研究課題/領域番号 |
16K13285
|
研究機関 | 京都大学 |
研究代表者 |
中山 大将 京都大学, 東南アジア地域研究研究所, 助教 (00582834)
|
研究期間 (年度) |
2016-04-01 – 2019-03-31
|
キーワード | 東アジア / サハリン / 樺太 / 近現代史 / メディア / データベース / 境界地域 |
研究実績の概要 |
平成28年度はパイロット・プロジェクトとしての「サハリン残留日本人歴史情報データ・ベース」の構築を実施する計画であったが、再検討した結果、本DBの基になるデータ群が複雑な構造を持っていることと、一般公開が難しい性格のデータであることを鑑み、パイロット・プロジェクトの対象を『樺太日日新聞』記事DBに変更した。これは、樺太史研究者であれば、各自が自身の研究テーマに沿って自分なりの方式で作成しているはずの記事目録を、統合しDBとして公開することを目指すものである。このような方法を採用したのは、網羅的に記事目録を作るには多大な時間と予算、労力が必要となるが、すでに各研究者が手元に持っているものを統合するのであれば、網羅的ではないものの、その労力を省けると同時に、研究者が保有する研究資源の有効活用を図ることができ、小予算DBのモデルを作れると考えたからである。現在、若手研究者を中心に協力と記事目録の提供を得て、現在2,500件分のフォーマット統一が終わった。また、利用するDBシステム(Myデータべ―ス)についてもマニュアルを取り寄せるなど、準備を順調に進めている。 調査活動としては、国内外でのサハリン・樺太史関係資料の収集に努めたほか、各地の関係研究者や関係団体などと交流し、DBに関する要望や需要の下調べを行なった。 前記の「サハリン残留日本人歴史情報データ・ベース」自体は構築に至れなかったものの、作業段階のデータ・ベースを利用して、2本の論文(論文集)の執筆刊行を行なうことができた。 境界地域史研究という点では、日本台湾学会学術大会では個別報告で、近現代東北アジア地域史研究会研究大会ではシンポジウムで、サハリン島と台湾等についての比較境界地域史研究の成果を報告した。
|
現在までの達成度 (区分) |
現在までの達成度 (区分)
2: おおむね順調に進展している
理由
自己満足に終わらず、関係研究者や団体・個人の需要に合ったDBを、限られた時間と予算のもとで構築するために構想を何度も練り直すことに時間が費やされたが、パイロット・プロジェクトとしてふさわしい『樺太日日新聞』記事DBの構想が固められ、数名の研究者からは賛同とデータの提供を受け、フォーマット統一も順調に遂行している。
|
今後の研究の推進方策 |
パイロット・プロジェクトを完成させることが第一の課題である。

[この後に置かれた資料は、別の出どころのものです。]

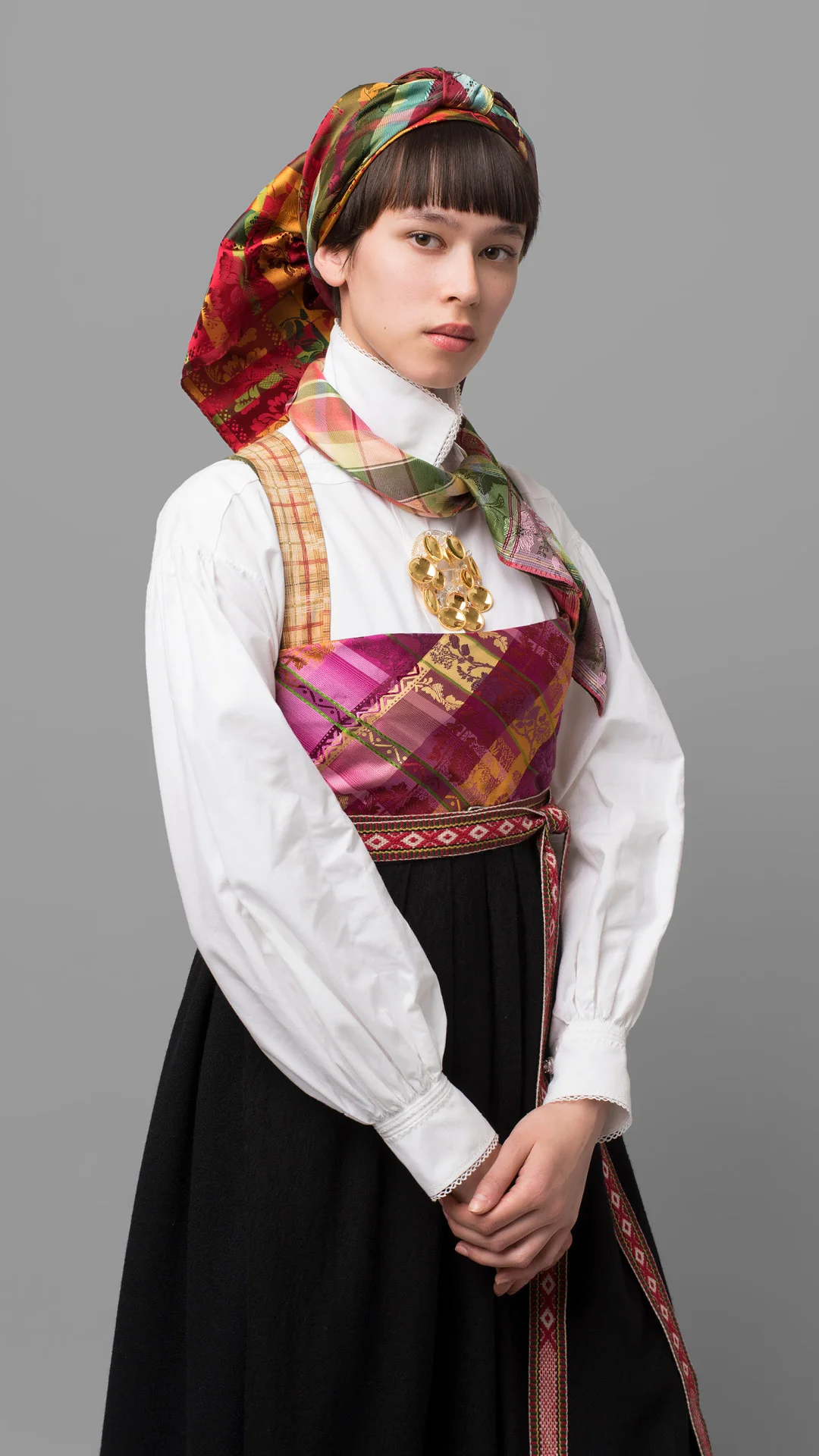 Bringeklut og silketørkle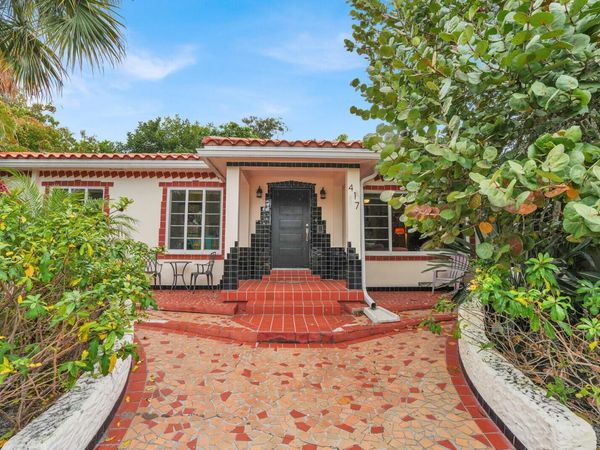 417 N 12th Avenue N, Lake Worth, FL 33460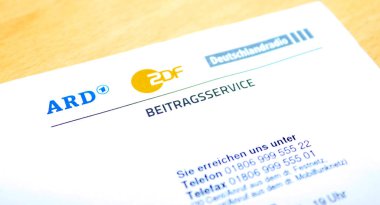Almanya 'nın kuzeyinde Schleswig-Holstein - 18 Haziran 2020: Alman GEZ şirketinin Alman devlet televizyonu faturası
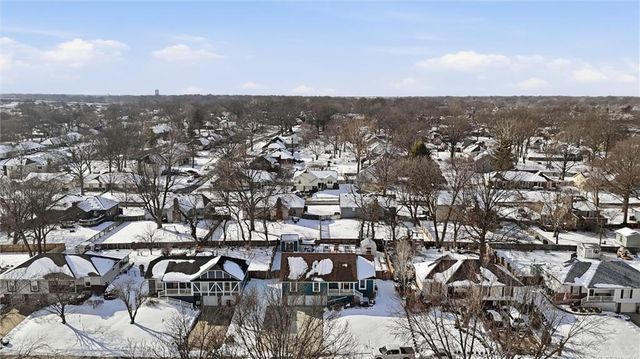 308 SE Colony Drive, Lee's Summit, MO 64063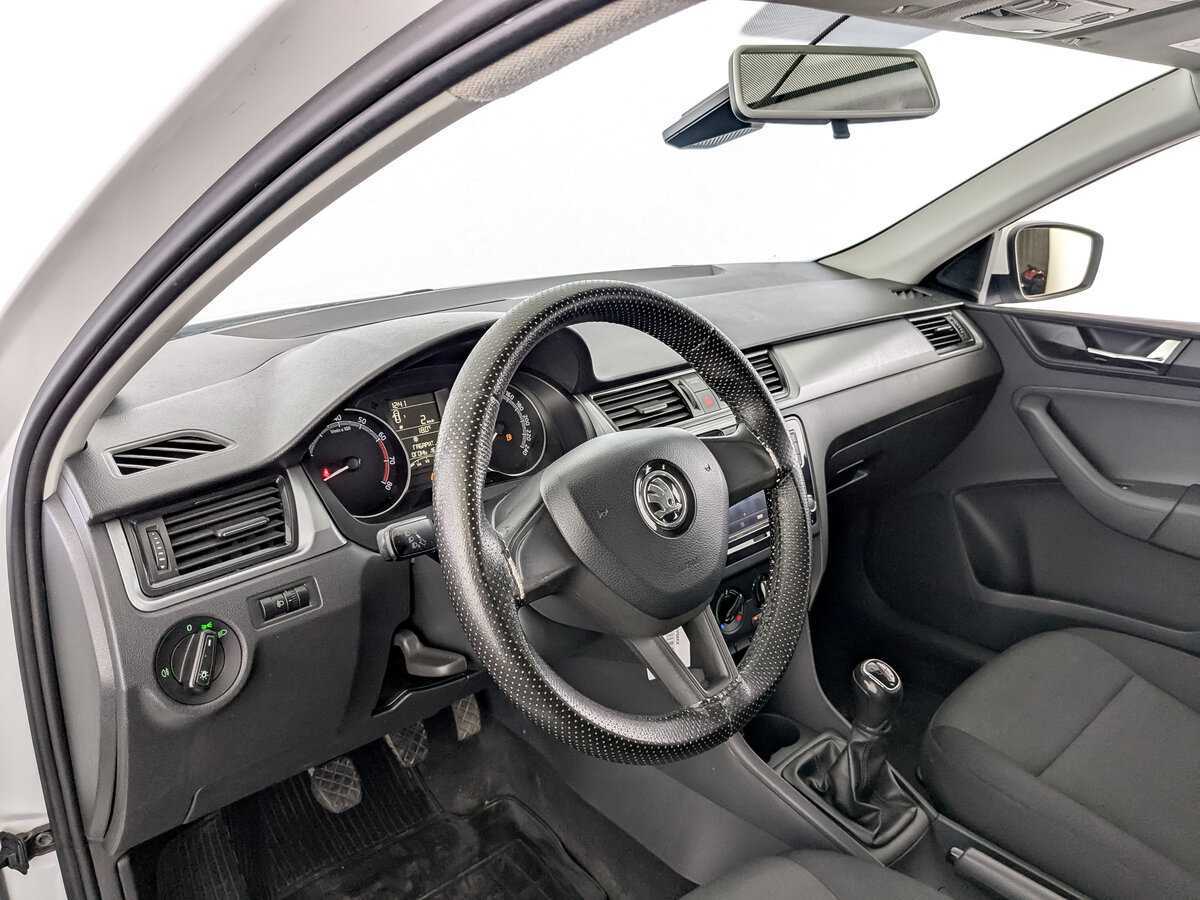 Купить Skoda Rapid, 2017, 177 284 км, фото №16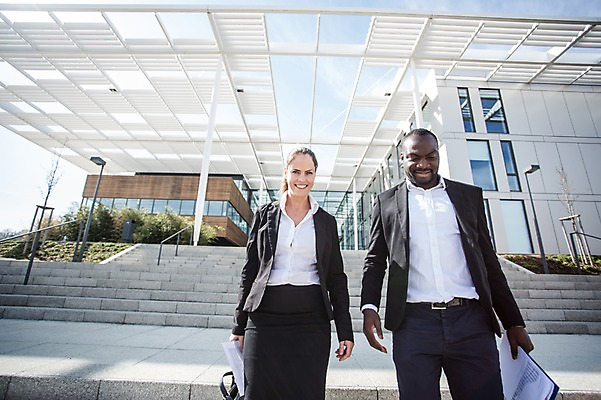 포토 JPG 주간 서양인 외국인 응시 여자 남자 40대 흑인 회사 비즈니스 대화 미소 사람 정장 빌딩 상반신 성인 야외 두명 앞모습 30대 친구 비즈니스라이프 걷기 계단 업무 직장인 비즈니스맨 비즈니스우먼 동료 파일 체코 성인만 국내포토 자연요소 직업 라이프스타일 시선 옷 유럽 뷰포인트 중년 관계 모션 표정 말하기 인종 건물 장년 작업 파일형식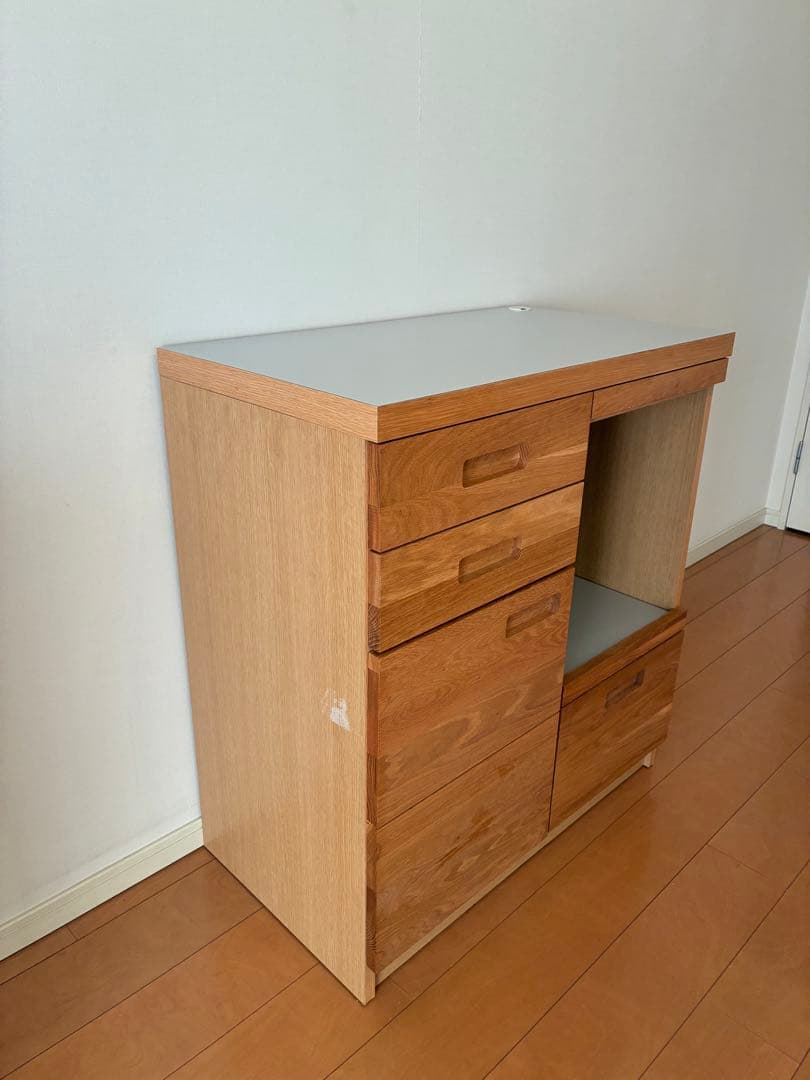 ウニコ　ヒュッテ　キッチンカウンター　レンジ台　キッチン収納　食器棚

パイロット・プロジェクトさえ成功すれば、技術的問題に時間を費やすことはなくなり、なおかつ『樺太日日新聞』記事DBを拡張させる形でメイン・プロジェクト「サハリン島史ミクロ歴史情報データ・ベース」へと移行することが可能である。本研究プロジェクトのみで膨大な歴史資料からDBを網羅的に構築することは困難であるので、本研究プロジェクトの目標点は、DBのサンプルを示し、より大きなプロジェクトなどを通じてDB規模を拡大するための基礎をつくることにある。そのため、基礎構想については今後も丁寧に検討を加えていく。 どのような資料群を対象にしてデータを抽出し、どのようなインタフェースを用いてDBを公開していくのかについては、今後も関係研究者からの需要や意向を調べながら進めていく。また、引き続きDB構築に資する歴史資料の収集も継続する。
|
次年度使用額が生じた理由 |
予定よりも物品購入費、人件費・謝金の使用が少なかった。これは、DBの構想やデータ整理などに予定よりも多くの時間を使ったため、謝金によって実施する作業等やそのための必要物品の購入などの発生が予定よりも減少したためである。
|
次年度使用額の使用計画 |
DB構築のための体制が整いつつあるので、引き続き謝金による作業やそのための必要物品の購入を実施するために、これらの金額を利用する計画である。